I actually made that tool out of a Freebie PE screwdriver and it works well



94VG30DE said:


> Wow. I miss the auto-dupe feature so much I created my own... :-/



LOL


----------



## geom_tol (Jul 9, 2007)

The Deutsch DT connectors are used on a lot of industrial and marine engines and other mobile applications.
They should work really well. They're sealed and very vibration proof.
I have them on my amp inputs and outputs.

Before they were only sold through one distributor afaik, if you can order them on the internet now in low qqts it's good.

You do need a special crimping tool to get nice crimps.


----------



## emperorjj1 (Sep 10, 2008)

ya i've never messed with those power pole connectors but they sound like a bit of a ***** to work with. good luck man


----------



## ErinH (Feb 14, 2007)

back up there...

guys, I am looking at the two options of the neutrik connectors or the DT connectors. 

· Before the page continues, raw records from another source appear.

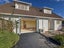 1 Iwiroa Terrace, Durie Hill, Whanganui - Carousel 3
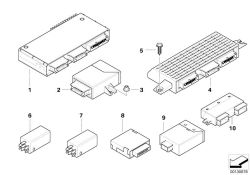 Grundmodul 3 E53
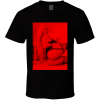 Bridgette B 14 T Shirt
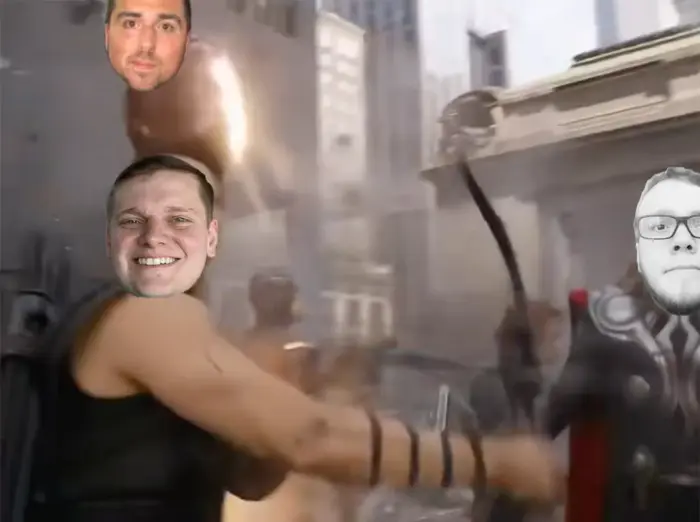 Piñata thumbnail image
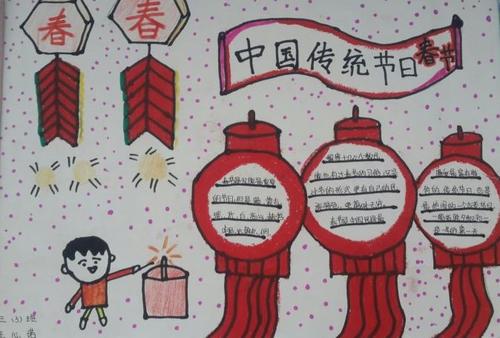 通过文明的实践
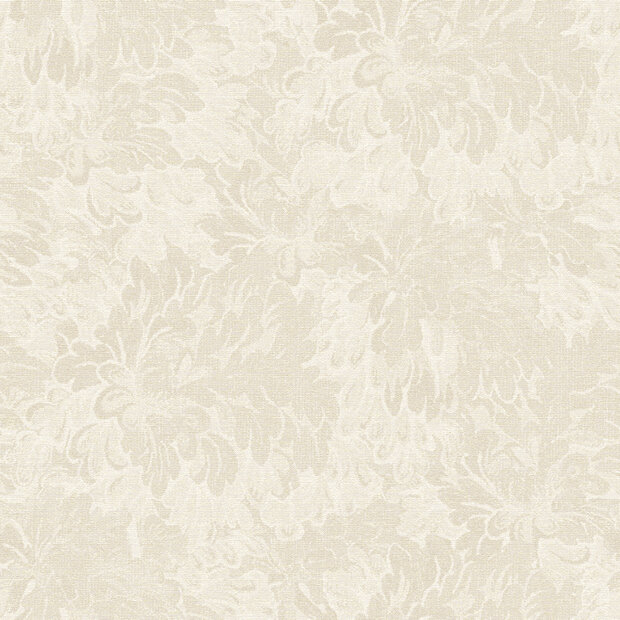 HookedOnWalls TAPESTRY 18655 SILVANA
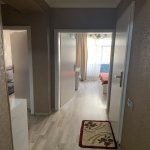 Satılır 3 otaqlı Yeni Tikili, Neftçilər metrosu, Sabunçu rayonu 8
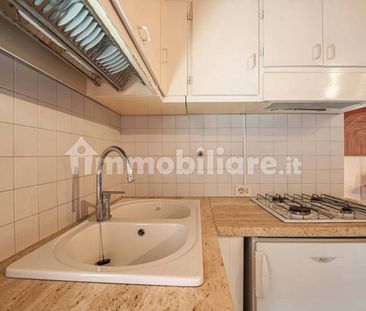 Monolocale via della Scala, Trastevere, Roma - Photo 6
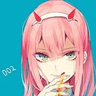 storeAvatar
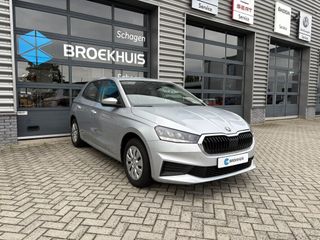 Voertuigafbeelding 3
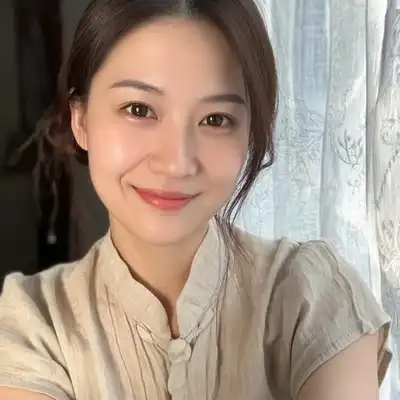 蒋瑞芳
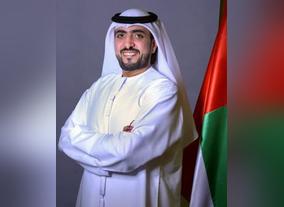 Supreme Legislation Committee to support Emiratization in legislative sector via Careers UAE 2016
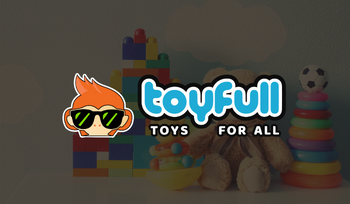 99.99%+ Fulfillment Rate for the Kuwait-based Platform | Toyfull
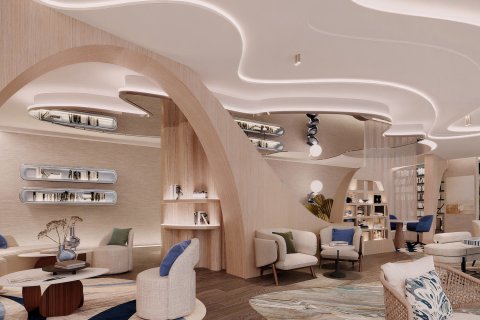 ЖК Coralina Kamala в Камале, Таиланд № 172495 - фото 18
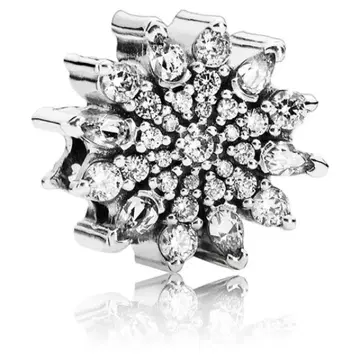 판도라 Pandora Ice Crystal 참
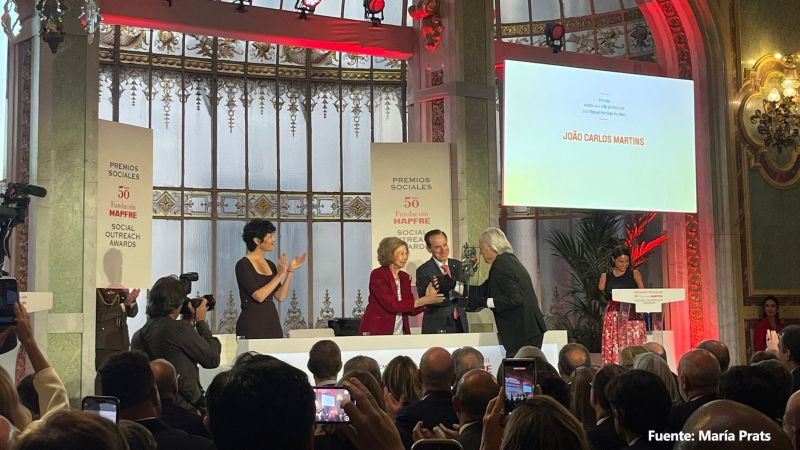 251010 fundacion mapfre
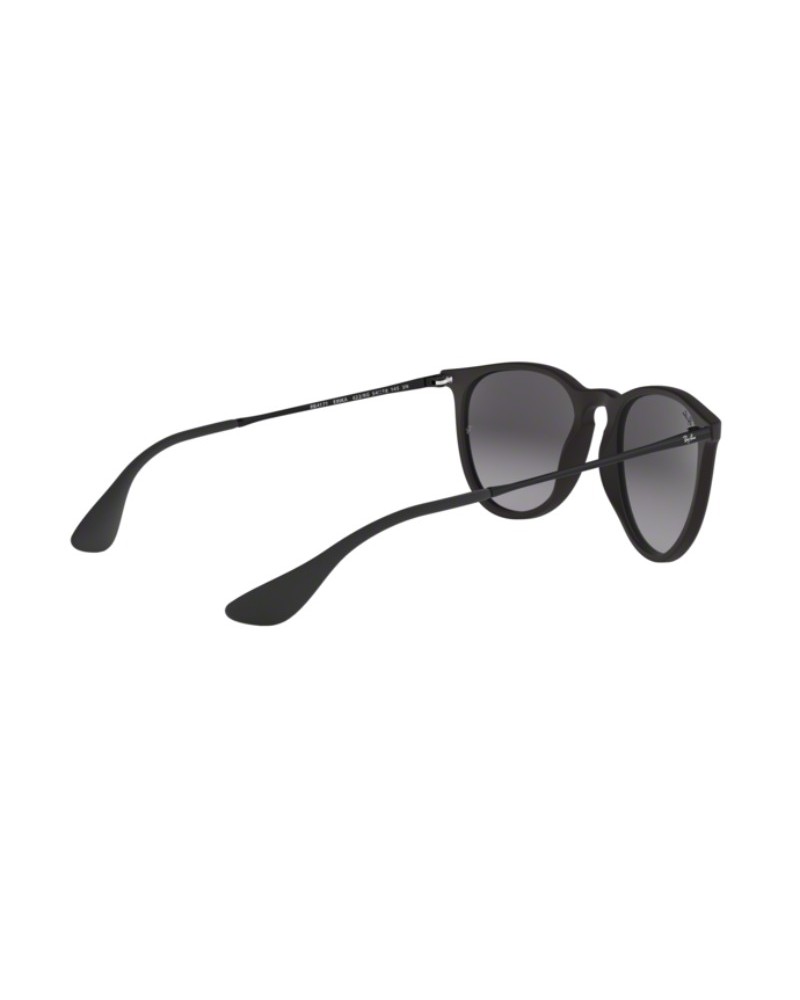 Okulary przeciwsłoneczne RAY-BAN RB 4171 622/8G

Regarding the neutrik speakon connectors, are "poles" simply the amount of contacts? I'm assuming you can buy a single connector that has up to 8 inputs (poles) and then rock that single connector to house all 4 sets of 14/16g wires, if you wanted to?
Suggestions on a specific version to use?

Trying to make sure I understand this correctly. If I can tie all my wires into a single connector/disconnect then it would really make installs a snap. 


Anyone had a chance to use the DT connectors? 
https://www.wirecare.com/deutschDT.asp?selectedContacts=6&theSeries=DT
The site above has them coming as a connection set, rather than purchasing the pieces separately.
The one bad thing is that it seems you have to have a special crimping tool. 


Anyone care to shed some light on either option? I'm ready to purchase asap.


----------



## falkenbd (Aug 16, 2008)

skip the DT connectors and go with Anderson powerpole.










any shape or size you need. (the connectors slide together) the connectors in the picture is 4 of them slid together...

easy as heck to put together and affordable.

I soldered mine, then pushed them in and it worked like a charm.


----------



## ErinH (Feb 14, 2007)

link to location you bought them from?


----------



## falkenbd (Aug 16, 2008)

Anderson Powerpole Powerpoles 30A Connectors, 25 Pack - eBay (item 120447715795 end time Aug-12-09 11:06:46 PDT)


----------



## chad (Jun 30, 2005)

There is a trick to soldering them, till you get good at it you may want to have a small file around


----------



## 94VG30DE (Nov 28, 2007)

yup I definitely had to file extra solder off a couple of mine. By the time I did my whole front stage though I had it figured out pretty well. 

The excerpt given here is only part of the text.